July 15 (Bloomberg) -- China’s stocks dropped, with the benchmark index falling the most in two weeks, after the nation’s economic growth moderated. Agricultural Bank of China Ltd. rose on the first day of trading.
Jiangxi Copper Co. and Anhui Conch Cement Co. declined at least 1.4 percent after second-quarter growth slowed to 10.3 percent and industrial output rose less than expected. Zijin Mining Group Co. slid 4.2 percent after saying regulators are investigating the company’s disclosure of an acid leak. Agricultural Bank, the country’s largest by customers, gained 0.8 percent, the smallest debut gain among the nine lenders that have sold shares Shanghai in the past four years.
“The risk of a sharper slowdown is inevitable unless the government reverses tightening measures,” said Zheng Tuo, president of Shanghai Good Hope Equity Investment Management Co. “The valuation of Agricultural Bank isn’t that attractive.”

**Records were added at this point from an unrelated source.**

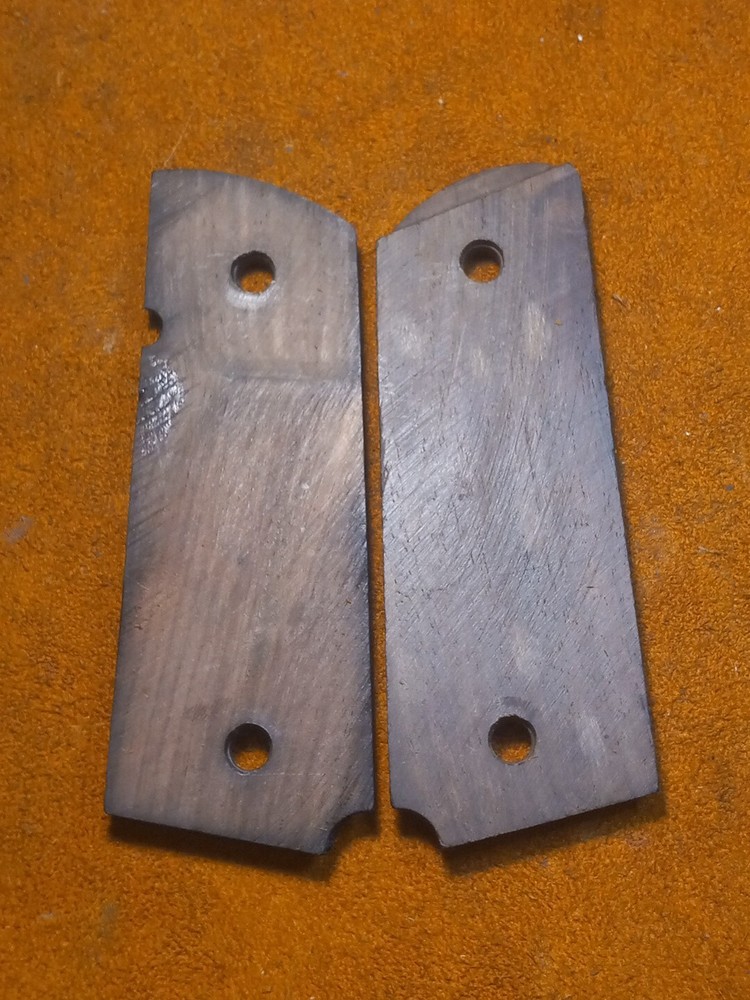 1911 1911A1 Colt Grips Walnut Double Diamond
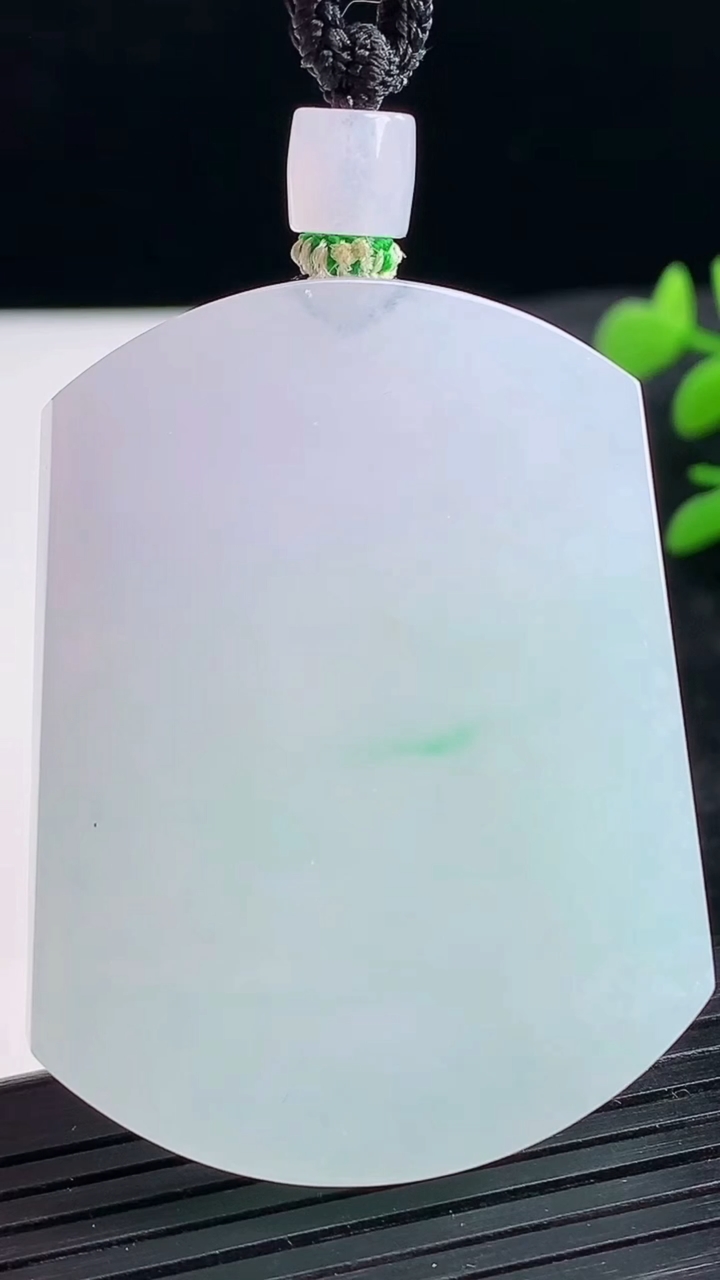 天然A货翡翠无事牌吊坠尺寸51.2-39.3-7重量:45.62g
3月25日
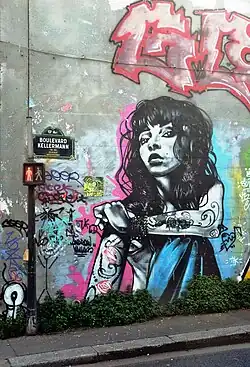 Street art sur la rampe d'accès au boulevard depuis la rue des Peupliers.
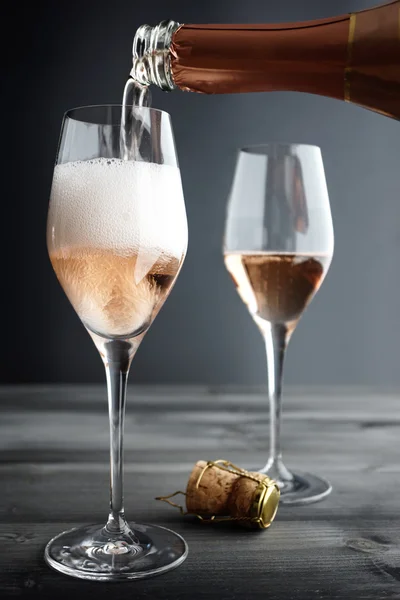 Rose Champagne sendo preenchido em vidro — Fotografia de Stock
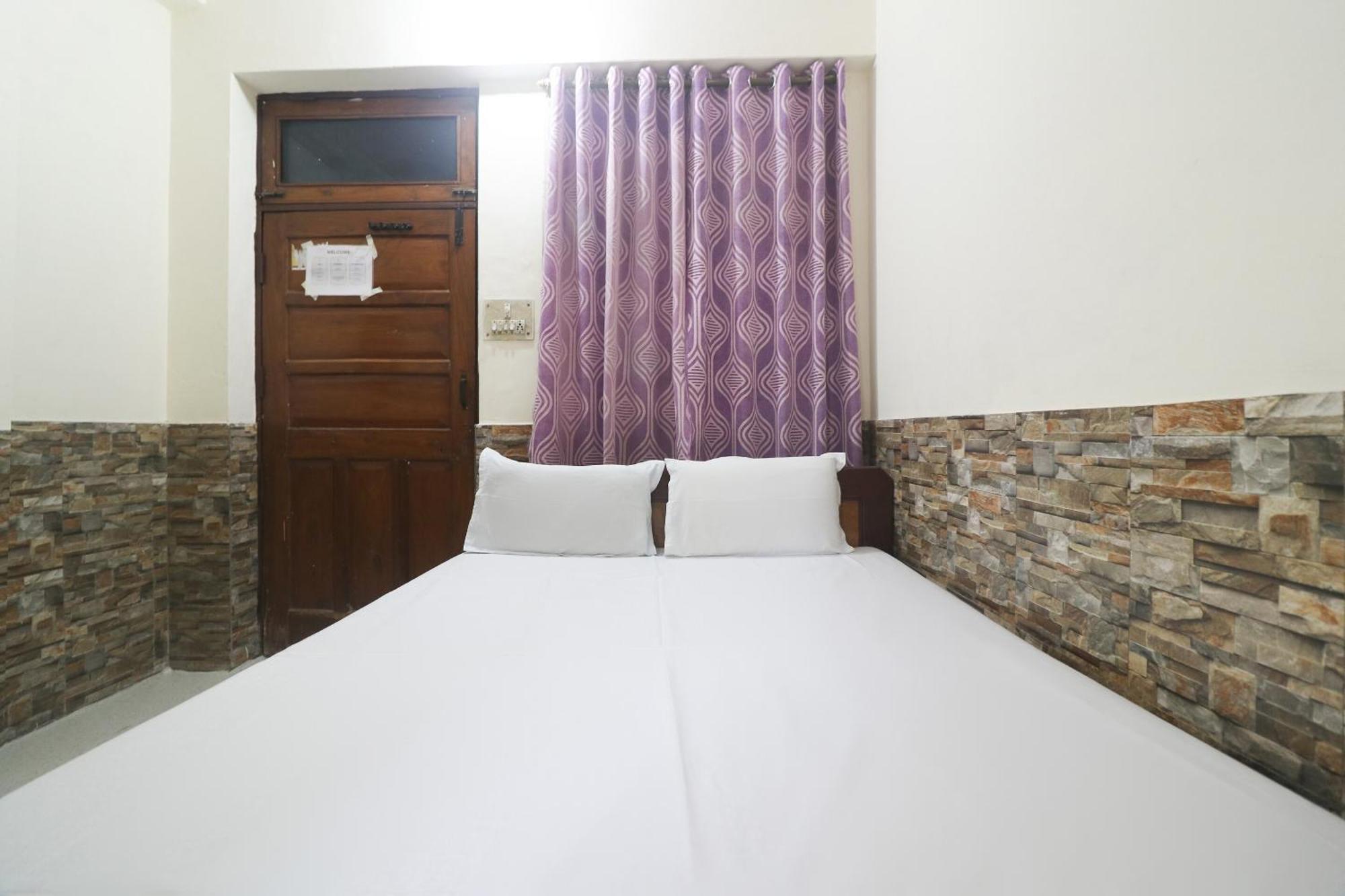 Spot On Hotel Anand Bhawan Aligarh Bagian luar foto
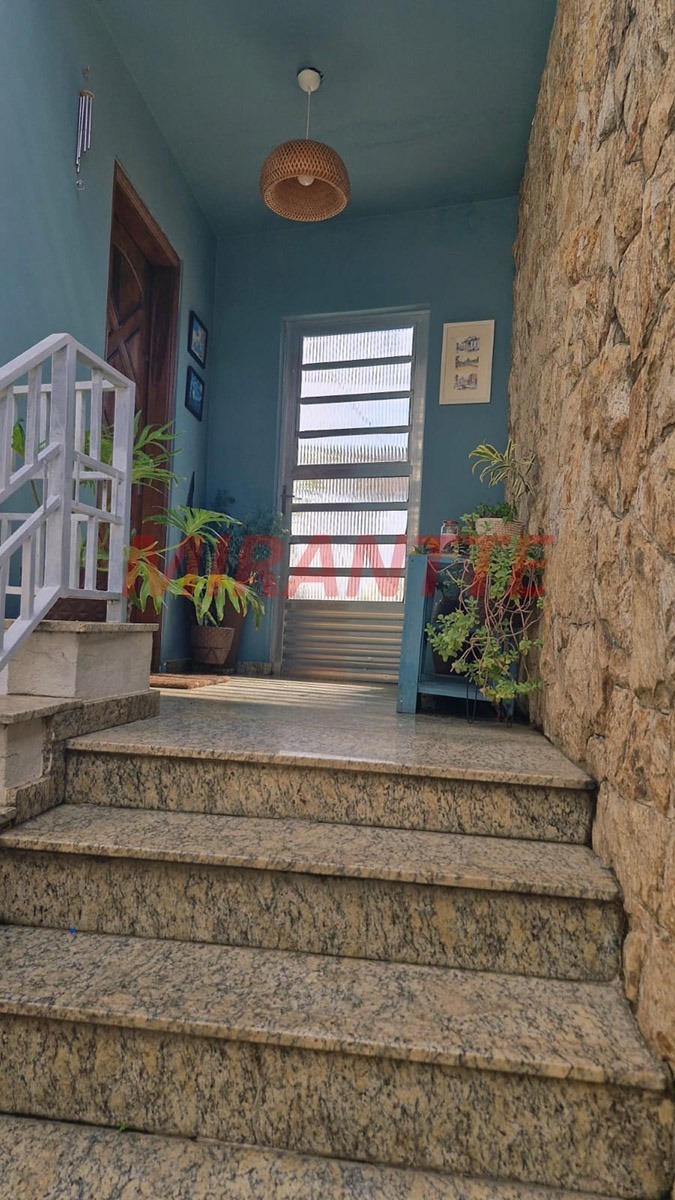 Sobrado de 143m² com 4 quartos em Tremembe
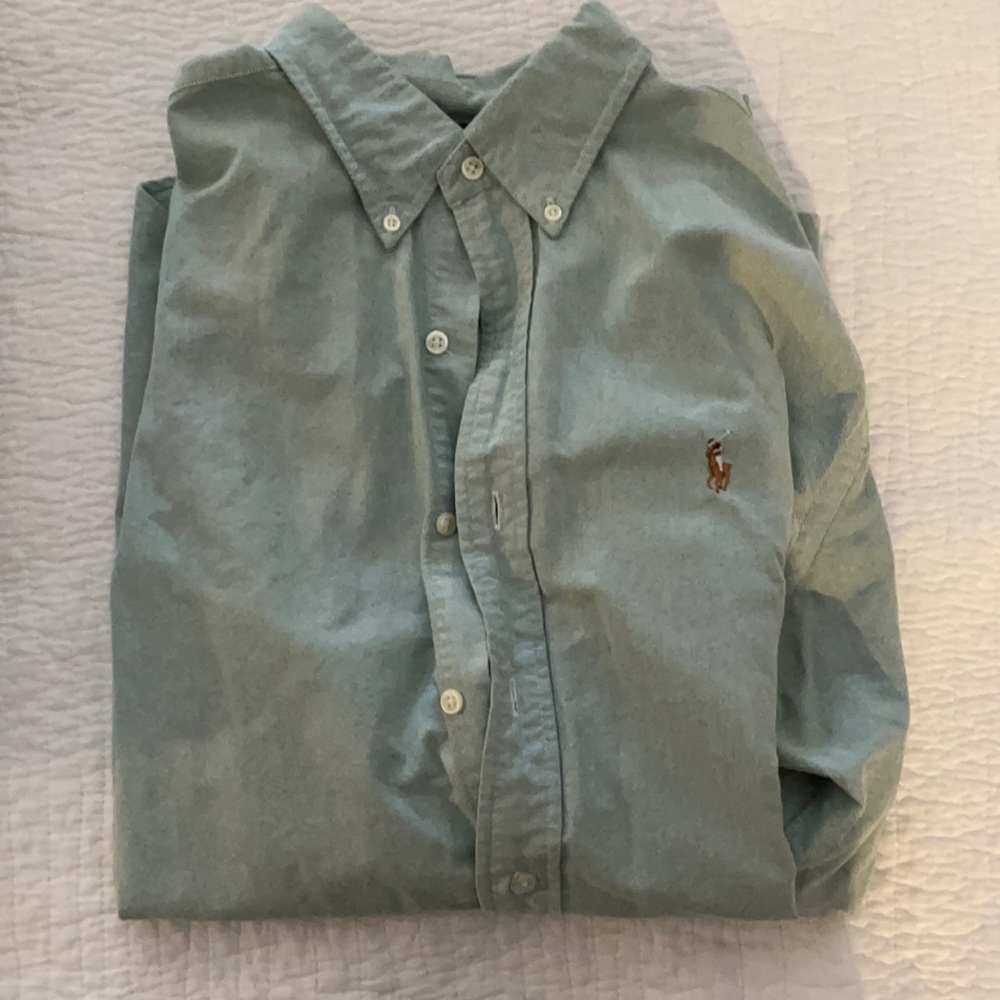 Polo button down size XL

The Shanghai Composite Index, which tracks the bigger of China’s stock exchanges, fell 46.14, or 1.9 percent, to close at 2,424.30, the most since June 29. The gauge has slumped 26 percent in 2010, Asia’s worst performer, as the government stepped up measures to curb inflation and property speculation. The CSI 300 Index slipped 1.7 percent to 2,608.52, with all 10 industry groups retreating.
The Shanghai Composite initially erased declines to gain 1 percent after the data was released at 10 a.m. local time, before losing ground.
Economic growth of 10.3 percent was less than the median 10.5 percent estimate in a Bloomberg News survey of 28 economists and eased from an 11.9 percent gain in January-March, statistics bureau data showed.
Industrial output rose 13.7 percent, compared with analysts’ forecasts of 15.1 percent. That was the weakest since September excluding January and February numbers distorted by a Lunar New Year holiday.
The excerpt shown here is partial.